▸ Exercise objective
Below is a listing. Set down exactly the lines from the one containing "Chef carving a" through the one containing "stairs leading to", both ends included, and leave out the rest.

▸ Available records
========
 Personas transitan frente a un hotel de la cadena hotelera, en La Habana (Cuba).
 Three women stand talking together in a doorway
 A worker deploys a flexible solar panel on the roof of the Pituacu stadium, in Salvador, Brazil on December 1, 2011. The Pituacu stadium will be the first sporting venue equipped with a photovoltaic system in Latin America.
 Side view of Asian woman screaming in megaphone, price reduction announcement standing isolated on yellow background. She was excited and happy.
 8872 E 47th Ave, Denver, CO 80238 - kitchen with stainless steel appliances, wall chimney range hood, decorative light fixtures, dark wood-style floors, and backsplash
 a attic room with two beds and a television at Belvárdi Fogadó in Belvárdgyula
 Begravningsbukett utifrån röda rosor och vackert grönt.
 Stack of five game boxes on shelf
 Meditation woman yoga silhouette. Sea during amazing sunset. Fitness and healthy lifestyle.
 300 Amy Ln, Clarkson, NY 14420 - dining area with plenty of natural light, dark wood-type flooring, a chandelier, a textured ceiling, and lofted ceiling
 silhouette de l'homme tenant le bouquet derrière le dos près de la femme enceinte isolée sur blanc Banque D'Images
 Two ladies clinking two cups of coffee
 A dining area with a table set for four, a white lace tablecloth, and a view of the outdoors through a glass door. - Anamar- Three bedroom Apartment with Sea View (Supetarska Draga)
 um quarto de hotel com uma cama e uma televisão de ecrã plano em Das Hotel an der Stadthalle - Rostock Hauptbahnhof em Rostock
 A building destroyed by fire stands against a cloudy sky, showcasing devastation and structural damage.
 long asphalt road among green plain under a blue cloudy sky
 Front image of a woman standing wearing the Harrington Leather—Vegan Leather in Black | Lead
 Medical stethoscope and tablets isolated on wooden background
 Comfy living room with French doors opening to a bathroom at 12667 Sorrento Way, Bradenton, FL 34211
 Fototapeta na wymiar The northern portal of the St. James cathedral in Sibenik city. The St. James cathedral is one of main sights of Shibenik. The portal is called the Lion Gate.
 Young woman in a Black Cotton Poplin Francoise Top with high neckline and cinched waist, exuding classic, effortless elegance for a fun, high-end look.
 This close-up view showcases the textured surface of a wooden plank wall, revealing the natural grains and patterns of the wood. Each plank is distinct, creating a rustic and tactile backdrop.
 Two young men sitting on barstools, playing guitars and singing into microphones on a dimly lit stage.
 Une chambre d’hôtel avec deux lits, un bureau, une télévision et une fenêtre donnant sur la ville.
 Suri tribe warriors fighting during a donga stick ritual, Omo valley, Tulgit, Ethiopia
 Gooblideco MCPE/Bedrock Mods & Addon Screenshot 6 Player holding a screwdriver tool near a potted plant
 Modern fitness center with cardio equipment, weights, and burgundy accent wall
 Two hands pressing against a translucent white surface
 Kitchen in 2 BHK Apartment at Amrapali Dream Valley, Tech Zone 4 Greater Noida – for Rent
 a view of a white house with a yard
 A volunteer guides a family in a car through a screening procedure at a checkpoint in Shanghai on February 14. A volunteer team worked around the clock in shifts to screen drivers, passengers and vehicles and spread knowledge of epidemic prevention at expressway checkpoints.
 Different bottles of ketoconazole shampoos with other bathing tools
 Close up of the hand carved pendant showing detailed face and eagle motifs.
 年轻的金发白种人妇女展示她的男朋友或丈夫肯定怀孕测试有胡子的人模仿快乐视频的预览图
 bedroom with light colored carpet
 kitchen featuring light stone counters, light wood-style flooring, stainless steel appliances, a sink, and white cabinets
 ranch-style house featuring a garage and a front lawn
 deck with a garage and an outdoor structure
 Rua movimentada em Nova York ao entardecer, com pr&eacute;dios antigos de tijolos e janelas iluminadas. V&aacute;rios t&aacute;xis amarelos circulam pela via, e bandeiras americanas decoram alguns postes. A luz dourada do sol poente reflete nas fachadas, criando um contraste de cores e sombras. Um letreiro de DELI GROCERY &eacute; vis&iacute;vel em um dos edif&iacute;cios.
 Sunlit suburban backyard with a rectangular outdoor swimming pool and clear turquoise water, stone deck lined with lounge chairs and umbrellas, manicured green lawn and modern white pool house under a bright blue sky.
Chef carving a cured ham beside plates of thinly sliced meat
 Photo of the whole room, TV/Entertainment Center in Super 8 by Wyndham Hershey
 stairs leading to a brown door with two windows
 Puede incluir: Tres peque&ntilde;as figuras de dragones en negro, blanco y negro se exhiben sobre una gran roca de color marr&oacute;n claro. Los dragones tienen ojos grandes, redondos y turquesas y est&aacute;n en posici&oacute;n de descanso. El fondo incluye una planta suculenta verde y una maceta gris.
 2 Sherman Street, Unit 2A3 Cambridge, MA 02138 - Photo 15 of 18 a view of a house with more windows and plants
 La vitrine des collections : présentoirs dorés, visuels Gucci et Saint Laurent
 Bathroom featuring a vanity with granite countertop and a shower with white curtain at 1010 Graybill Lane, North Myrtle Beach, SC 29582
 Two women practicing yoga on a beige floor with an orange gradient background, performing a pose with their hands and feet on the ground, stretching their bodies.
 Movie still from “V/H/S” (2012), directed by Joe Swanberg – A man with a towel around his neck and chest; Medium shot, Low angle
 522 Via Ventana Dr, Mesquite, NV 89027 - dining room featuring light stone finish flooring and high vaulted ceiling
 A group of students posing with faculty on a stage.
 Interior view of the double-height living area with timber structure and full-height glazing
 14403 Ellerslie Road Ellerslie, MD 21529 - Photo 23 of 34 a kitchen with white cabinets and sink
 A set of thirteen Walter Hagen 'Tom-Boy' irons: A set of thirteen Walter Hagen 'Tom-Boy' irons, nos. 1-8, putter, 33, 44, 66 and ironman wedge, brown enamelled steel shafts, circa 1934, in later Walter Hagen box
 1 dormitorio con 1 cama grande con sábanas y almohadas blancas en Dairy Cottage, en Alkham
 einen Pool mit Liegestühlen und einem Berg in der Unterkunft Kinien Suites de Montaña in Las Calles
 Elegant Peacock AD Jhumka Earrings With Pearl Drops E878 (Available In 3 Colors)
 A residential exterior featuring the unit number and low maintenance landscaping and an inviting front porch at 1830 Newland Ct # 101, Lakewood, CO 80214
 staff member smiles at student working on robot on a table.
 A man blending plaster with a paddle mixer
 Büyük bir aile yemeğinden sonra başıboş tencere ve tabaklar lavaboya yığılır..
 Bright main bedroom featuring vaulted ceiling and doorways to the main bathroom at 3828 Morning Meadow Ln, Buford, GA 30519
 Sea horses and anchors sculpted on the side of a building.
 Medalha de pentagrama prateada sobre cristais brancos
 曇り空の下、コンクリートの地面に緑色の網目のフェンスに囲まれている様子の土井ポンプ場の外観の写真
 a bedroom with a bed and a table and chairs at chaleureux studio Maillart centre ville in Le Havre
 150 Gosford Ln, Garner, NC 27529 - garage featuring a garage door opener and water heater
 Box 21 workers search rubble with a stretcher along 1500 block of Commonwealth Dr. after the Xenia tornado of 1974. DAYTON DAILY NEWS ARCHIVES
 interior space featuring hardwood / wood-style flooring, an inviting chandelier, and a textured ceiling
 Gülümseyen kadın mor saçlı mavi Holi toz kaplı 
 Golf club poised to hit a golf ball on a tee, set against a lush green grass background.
========
▸ Task answer
Chef carving a cured ham beside plates of thinly sliced meat
 Photo of the whole room, TV/Entertainment Center in Super 8 by Wyndham Hershey
 stairs leading to a brown door with two windows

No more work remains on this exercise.